In July, Beijing published a plan to create a 10 trillion yuan ($1.48 trillion) artificial intelligence industry in the People's Republic by 2030, making China the world leader in AI instead of the current kingpin, the US.
"Artificial intelligence has become a new engine of economic development," the document reads. "We must take initiative to firmly grasp this new stage of development for artificial intelligence and create a new competitive edge."
What did Washington say in response to this report? Not much. While American tech titans like Alphabet and Facebook lead the world in AI development, the US has no federal plan to develop the crucial emergent technology and the White House has been mum on the subject.
"We need to get our act together as a country," said retired Alphabet chairman Eric Schmidt in the Center for New American Security's Artificial Intelligence and Global Security Summit last November. "America is the country that leads in these areas; there is every reason we can continue that leadership."
"Trust me. These Chinese people are good," he said. "It's pretty simple. By 2020, they will have caught up; by 2025, they will be better than us; and by 2030, they will dominate the industries of AI."
The White House has denied that they are resting on their laurels in AI policy. "To maintain American leadership in artificial intelligence, the US will continue to propel our nation's [research and development] ecosystem," Michael Kratsios, head of the Office of Science and Technology Policy (OSTP) at the White House, said in a recent statement.
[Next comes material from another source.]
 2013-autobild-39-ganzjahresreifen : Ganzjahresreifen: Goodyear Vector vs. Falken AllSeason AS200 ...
The White House's plan will prioritize funding academic and private research into AI innovations, as well as fund AI research done by the Pentagon and National Institute of Health, he added.
Other leaders in tech and policy have since come out in agreement with Schmidt's sentiments. "We don't have a national strategy. The people who should be leading the national strategy are the White House," said Rep. John Delaney (D-MD), who co-launched a bipartisan artificial intelligence caucus alongside Rep. Pete Olson (R-TX) to develop policy on AI in May 2017.
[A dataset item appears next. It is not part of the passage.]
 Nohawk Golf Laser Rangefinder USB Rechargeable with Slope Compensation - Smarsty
"I don't think federal agencies are investing in AI enough," agreed Ian Buck, vice president of technology company Nvidia's accelerated computing business unit. "I would love to see the government invest more in research funding and proactively evaluate the deployment of AI."
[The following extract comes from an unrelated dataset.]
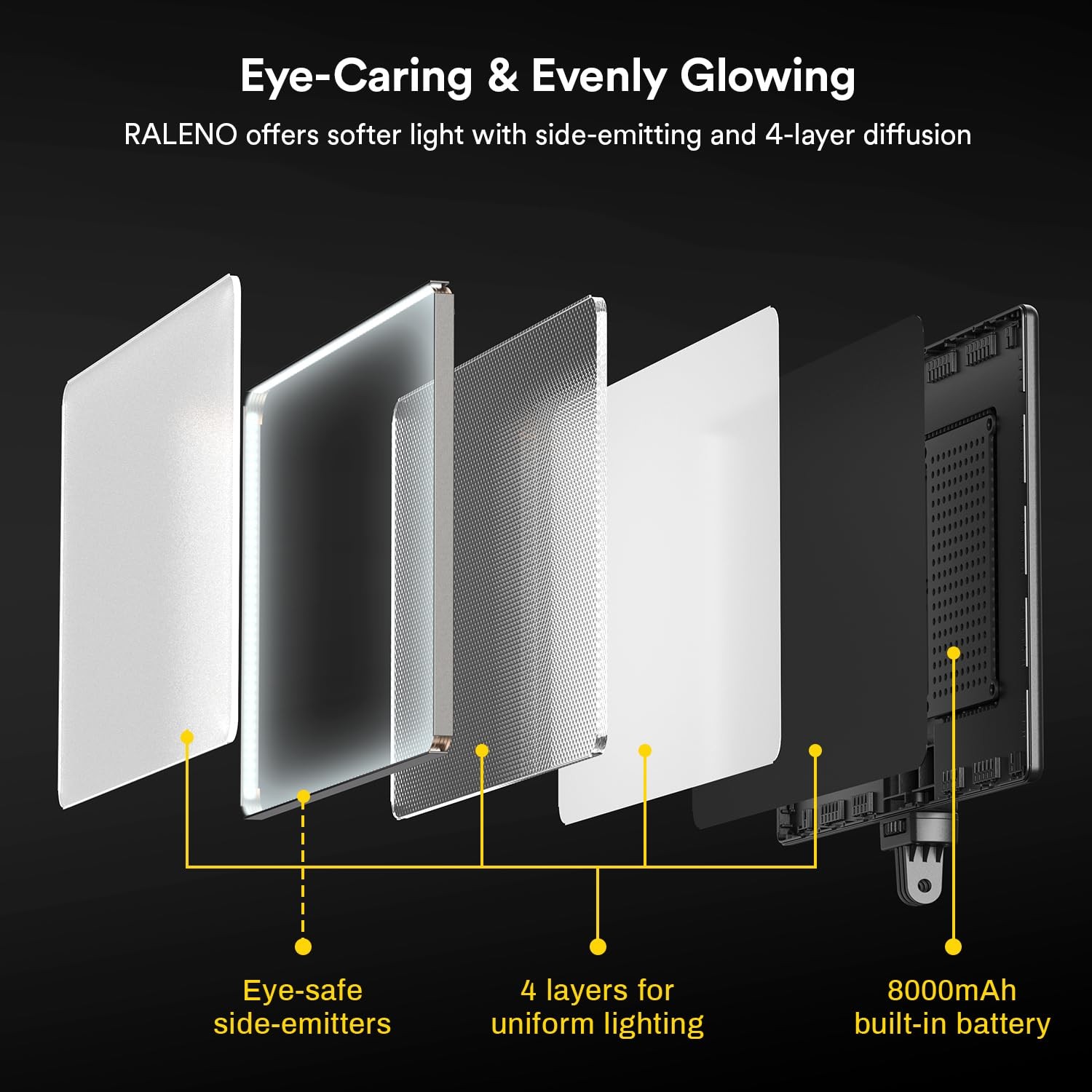 13" Edge-Lit LED Video Light Panel Kit (2-Pack), Bi-Color 2500K-6500K Soft St...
However, Information Technology Industry Council President Dean Garfield told The Hill that he's in regular contact with the OSTP and they are quietly in the midst of developing AI policy.
"I don't think that they're talking about it enough and they're not outlining a clear strategy that would give people reason to be confident," he said. "The critique I have is that they need to talk about it and share it more broadly so that the private sector and academia can contribute as well."